Céloron de Blainville is a French family of officers and colonial administrators, who notably played a role in New France beginning in the 17th century. One member, Pierre Joseph Céloron de Blainville, is the subject of a folk song by Robert Schmertz entitled Celoron.

==Persons==
Famous Céloron de Blainville family are :
- Jean-Baptiste Céloron de Blainville (born 1660 in Paris (France), still living in 1730), "seigneur" of Blainville, Quebec in New France.
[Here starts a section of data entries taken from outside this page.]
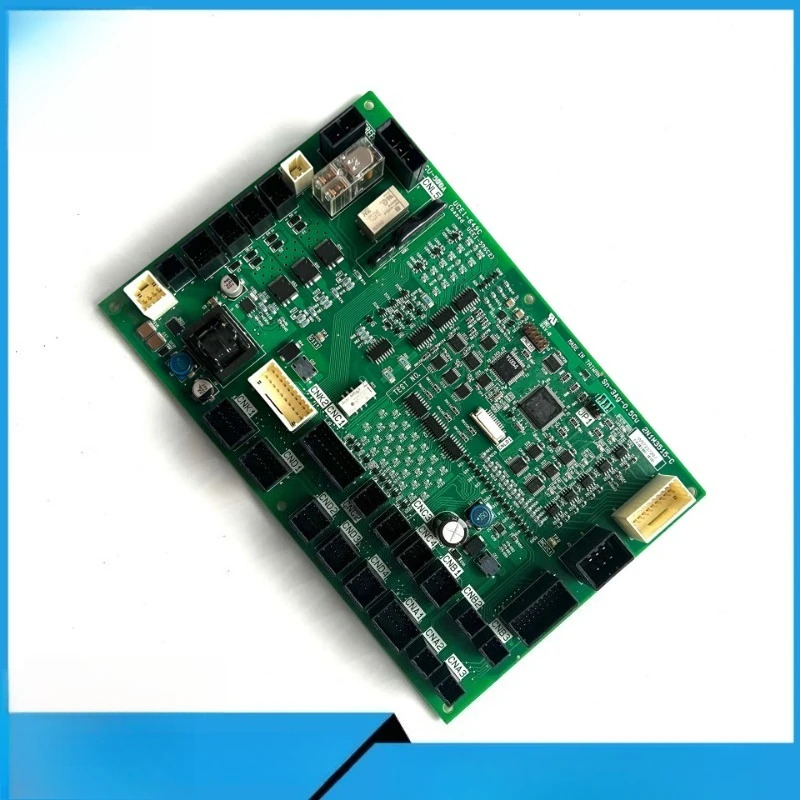 도시바호환 엘리베이터 부품 CCU-500B 500 메보드 Sn-3AG-0.5CU 2N1M3515-C
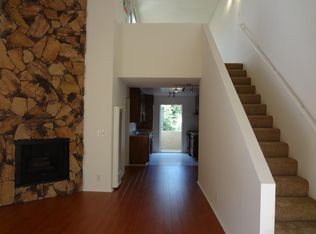 12021 Burbank Blvd #217, Valley Village, CA 91607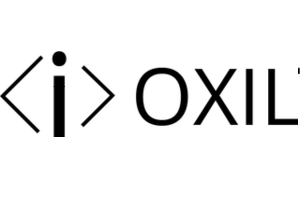 OXIL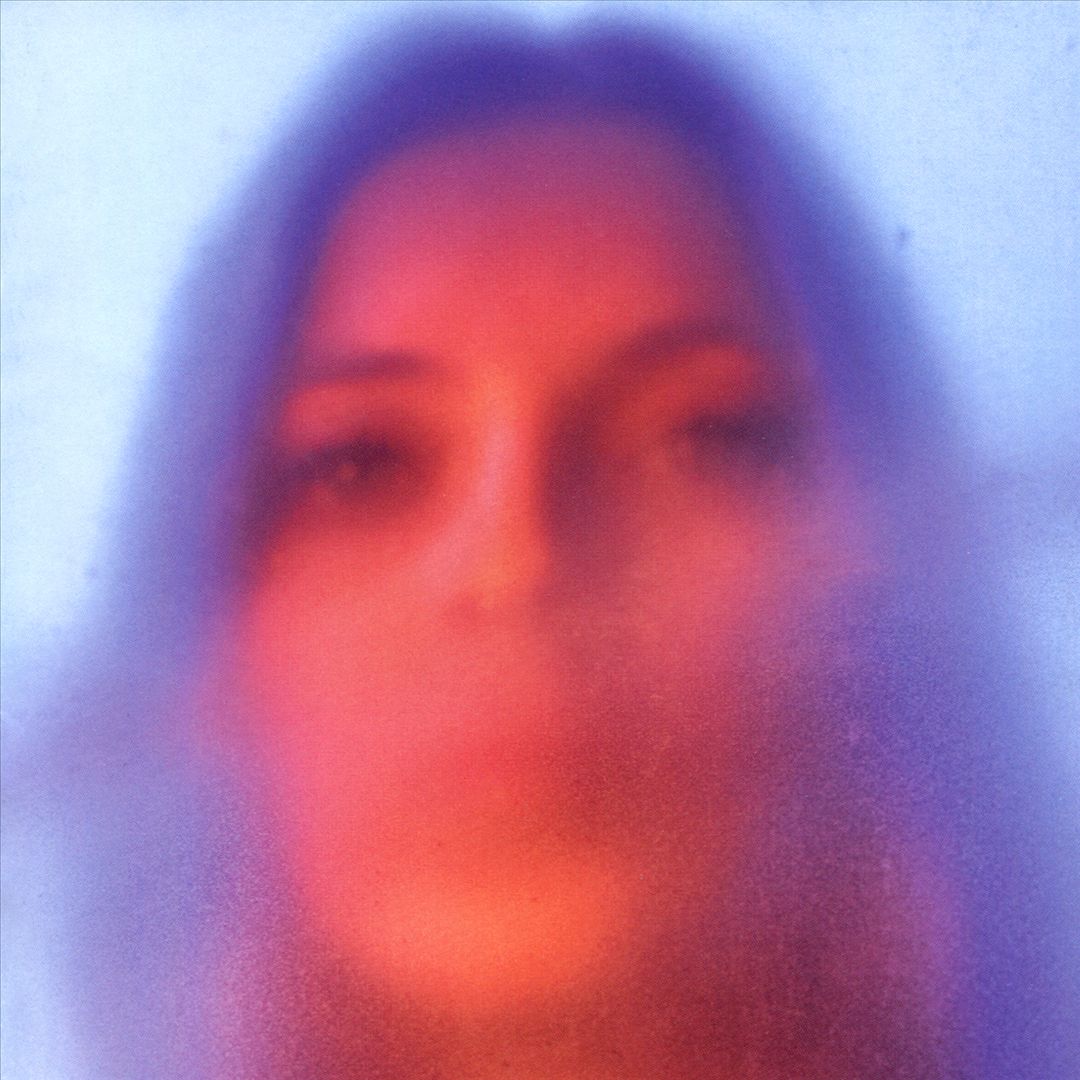 Jade Bird cover art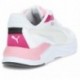 TÊNIS PUMA X-RAY SPEED LITE JR GIRL FUCSIA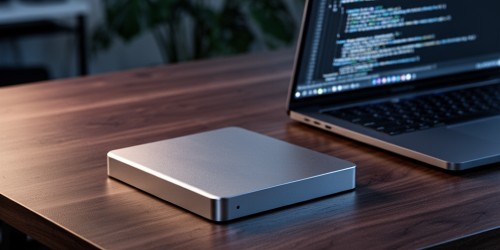 Melhores SSDs externos compatíveis com Linux: guia de compra e custo-benefício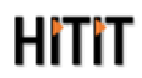 Hitit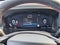 2026 Ford Explorer ST-Line - Crossroads Courtesy Demo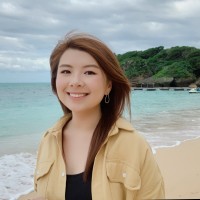 Lo Ka Lam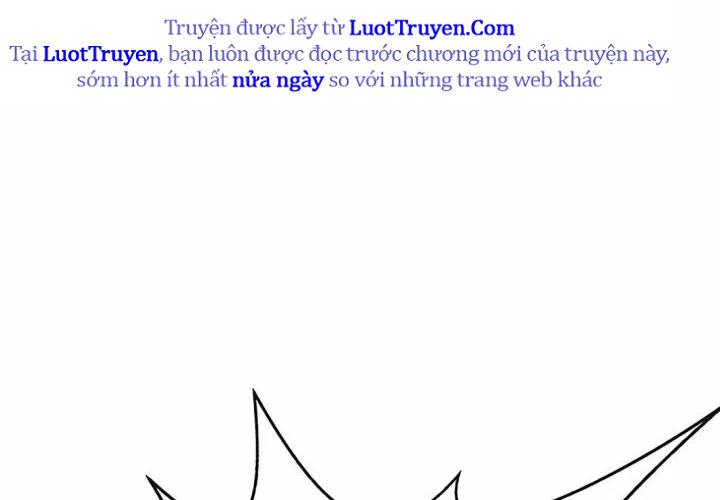 Người Đàn Ông Thực Thụ Chapter 224 - Trang 2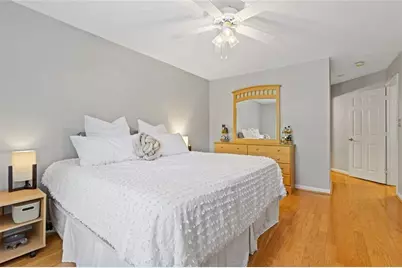 970 Sidney Marcus Boulevard NE #1404, Atlanta, GA 30324 - Photo 9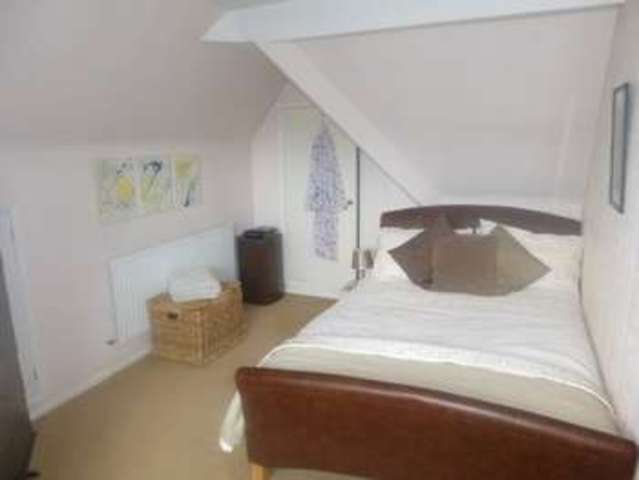  Image of 3 bedroom Detached house to rent in Fairefield Crescent Glenfield Leicester LE3 at Fairefield Crescent  Glenfield, LE3 8EH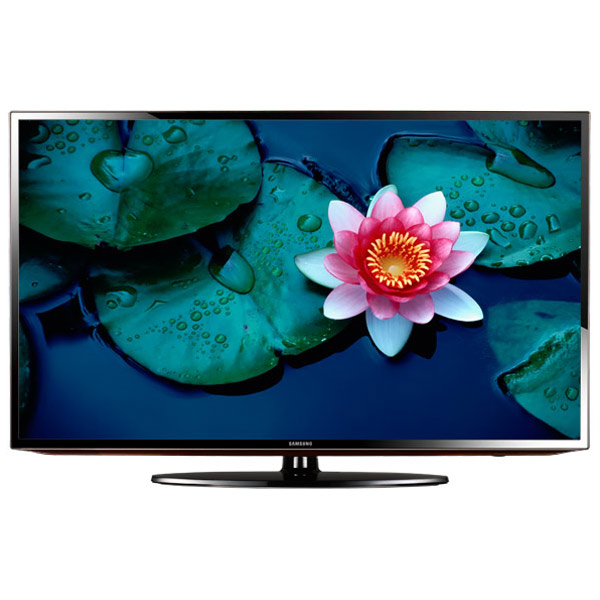 Телевизор Samsung UE46 EH5057K фото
He married Hélène Picoté de Belestre, daughter of a military commander of Montreal.
- his son Pierre Joseph Céloron de Blainville (1693–1759), leader of the 1749 Ohio expedition.
- Paul Louis Maxime Celoron de Blainville (1831–1889), gouvernor of Mayotte in 1887-1888 Son of Pierre-Louis Céloron de Blainville (1753-??) and grandson of Pierre Joseph Céloron.

==Attention==
The way of writing Céloron de Blainville is often wrong especially in modern documents :
- "Céloron" (or often Celoron in texts in English) is often miswritten "Celeron" or "Céleron", because of confusion with the Intel Celeron chipset of 2002.
- "Blainville" is often miswritten "Bienville", because of confusion with the name of the New France hero Jean-Baptiste Le Moyne de Bienville.
- So the writing "Celeron de Bienville" is common on the Internet but wrong.

==Places==
From the family Céloron de Blainville, came :
- Celoron, New York, a village in New York state, USA.
- Boulevard Céloron, in Blainville, Quebec, Canada.
- Blainville, Quebec, a city in Quebec.
- Blainville (electoral district) in Quebec.